Words & Music, from 2012, was a love letter to pop music that aptly featured some of the poppiest songs of their career. The most immediate difference in Home Counties is the lack of big pop songs like ‘Tonight’ and ‘I’ve Got Your Music’. There are upbeat moments here but they’re more subtle. There’s the light 70s disco of ‘Dive’ and the gentle Motown of ‘Underneath The Apple Tree’. ‘Out Of My Mind’ has a touch of Pet Shop Boys at their most understated. Although it doesn’t hit the big pop highs of their recent past, ‘Magpie Eyes’ makes sense as the first single. It has a hypnotic chorus and motoric bass.
Musically, Home Counties is a companion piece to 1998’s Good Humor. The use of live instrumentation gives the songs a similar organic feel. ‘Take It All’ has a Serge Gainsbourg-inspired bass line that would fit well on there. ‘Unopened Fan Mail’’ has 60s baroque pop affectations you could find on ‘Goodnight Jack’ or ‘Postman’. There are also hints of 2000’s Sound of Water, especially on some of the interludes and the dreamy, ‘Whyteleafe’. Home Counties is a more satisfying and consistent listen than both those releases.

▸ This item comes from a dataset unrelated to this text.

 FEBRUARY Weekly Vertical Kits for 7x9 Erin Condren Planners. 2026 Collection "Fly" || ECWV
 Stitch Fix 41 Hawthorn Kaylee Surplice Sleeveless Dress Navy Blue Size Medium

There may be echoes of their previous work throughout Home Counties but they haven’t lost their spontaneous spirit. The eerie atmospherics of ‘Heather’ is unlike anything in their catalogue. Sarah Cracknell sings the mysterious lines, “Heather was a girl who once questioned her life, she comes and she goes like the warmth in the daylight” over the album’s most dramatic melody. ‘Sweet Arcadia’ works as the third part of a trilogy of spoken word songs that includes ‘Teenage Winter’ and ‘Over The Border’ (the emotional highpoints of their last two releases). Halfway through it morphs into a dark ambient epic. ‘Breakneck Hill’ is an instrumental that has more in common with Twin Peaks than the group’s earlier instrumentals. Overall, this is one of their most varied and balanced releases.

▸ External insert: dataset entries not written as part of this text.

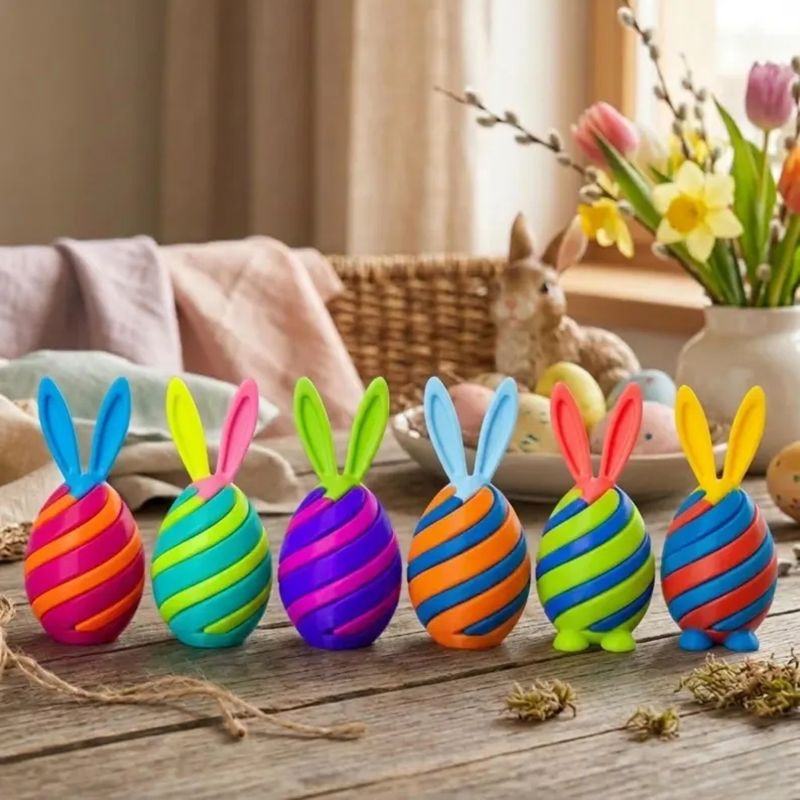 3D-Printed Easter Egg Stress Relief Toy, Spiral-Patterned Bunny Easter Basket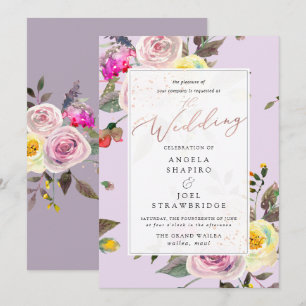 Invitation Roses aquarelles pastel + Bulles de champagne rose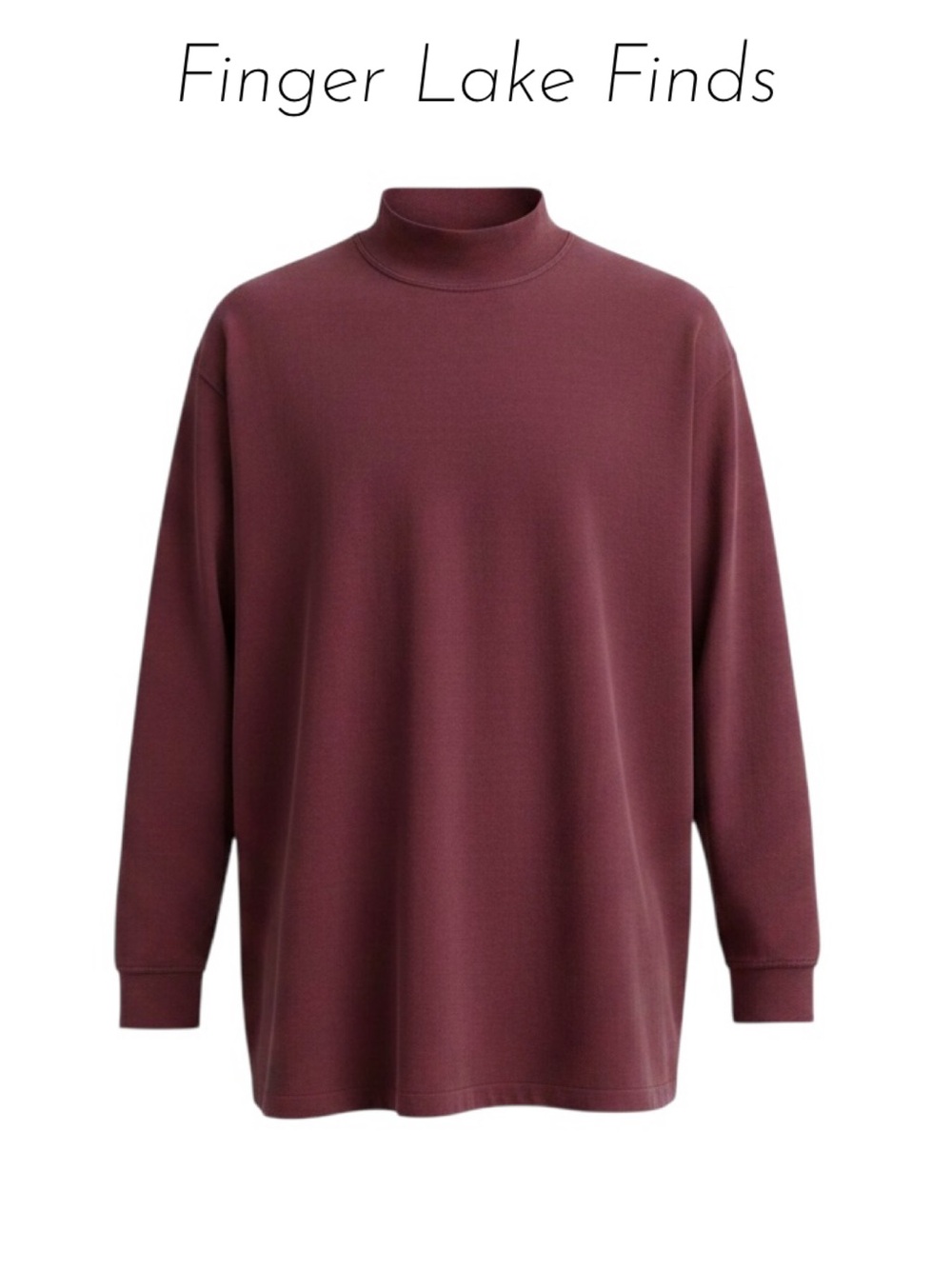 NWT Cotton Traders Men’s Maroon Mock Turtleneck, Lg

Sarah Cracknell’s rich voice has always characterised Saint Etienne’s sound. She excels on Home Counties. Her delicate voice lends itself well to the wistful nature of ‘Something New’ as it did on ‘Side Streets’. Her vocals are so breathy and gorgeous on ‘After Hebden’ that it could be on Tiger Bay. As with some of the band’s finest work, the songs are often underpinned by melancholy. It’s most noticeable on the highlight, ‘What Kind Of World’ as Cracknell bluntly sings, “let’s find another country, let’s find a better one”.

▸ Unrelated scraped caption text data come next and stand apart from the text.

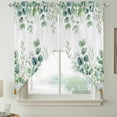 thumbnail image 2 of Green Eucalyptus Leaves Swag Curtains for Kitchen/Bedroom/Living Room, Summer Botanical Watercolor Daisy Scalloped Curtains 63 Inch Long, Window Swag Topper Curtains Valances 2 Panels Set 36"x63", 2 of 8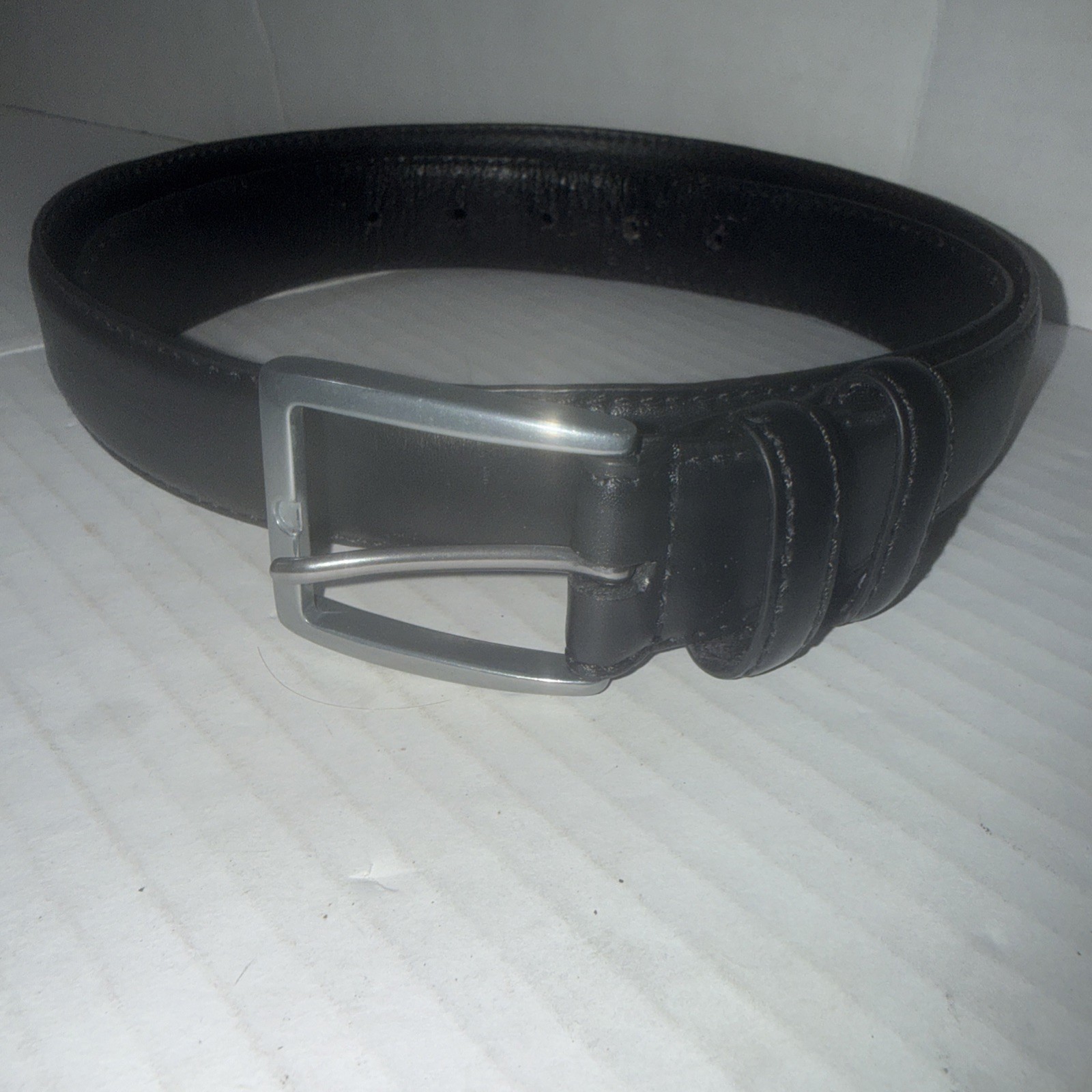 Eddie Bauer Vintage Black Leather Belt Double Keeper 1.25” Wide Size 36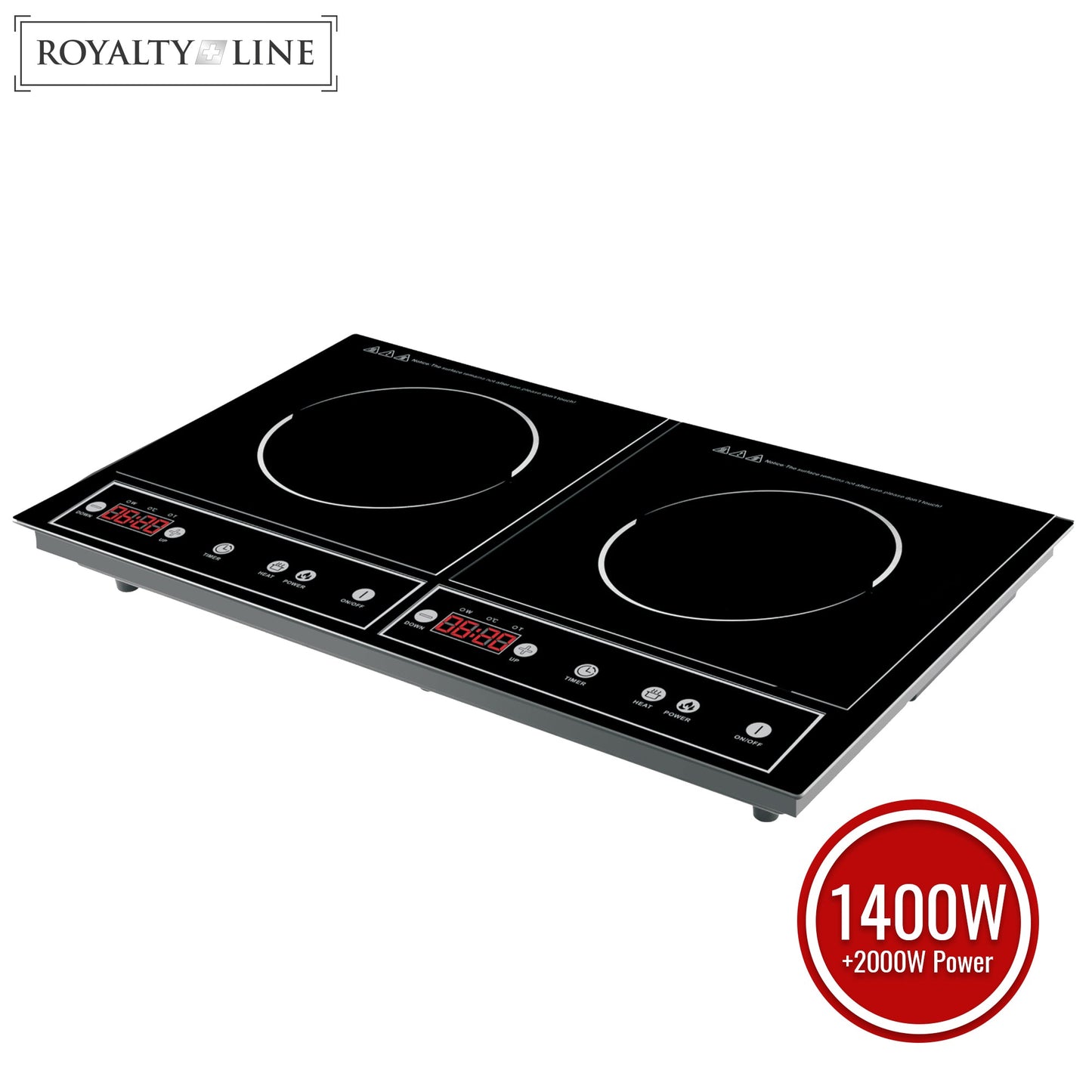 Royalty Line RL-DIP4000.2: Inductiekookplaat met dubbele plaat - Bivakshop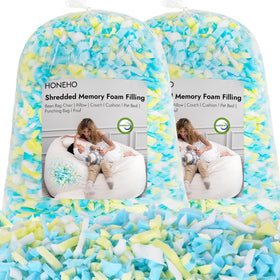 HONEHO 10lbs shredded memory foam bag filler close-up shows soft, durable filling for comfort.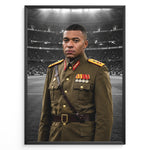 Ladda upp bild till gallerivisning, Satirisk kunstplakat med Kylian Mbappé i et fiktivt diktator-inspireret militæruniform foran et stadion
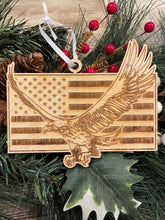 Load image into Gallery viewer, Flying Eagle American Flag Christmas Ornament, Patriotic Ornament, Christmas Ornaments, American Flag, Bald Eagle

Just like Tales From Turnpike House and Words & Music, Home Counties arrives as spring is turning into summer. And it’s perfect timing — they invite you into a world that can best be enjoyed lying back while the sun is shining and the heat is rising. Home Counties isn’t as instant their last two records, but it’s an equally rewarding listen. It makes you hope these skilled musicians continue making records this beautiful for another 25 years.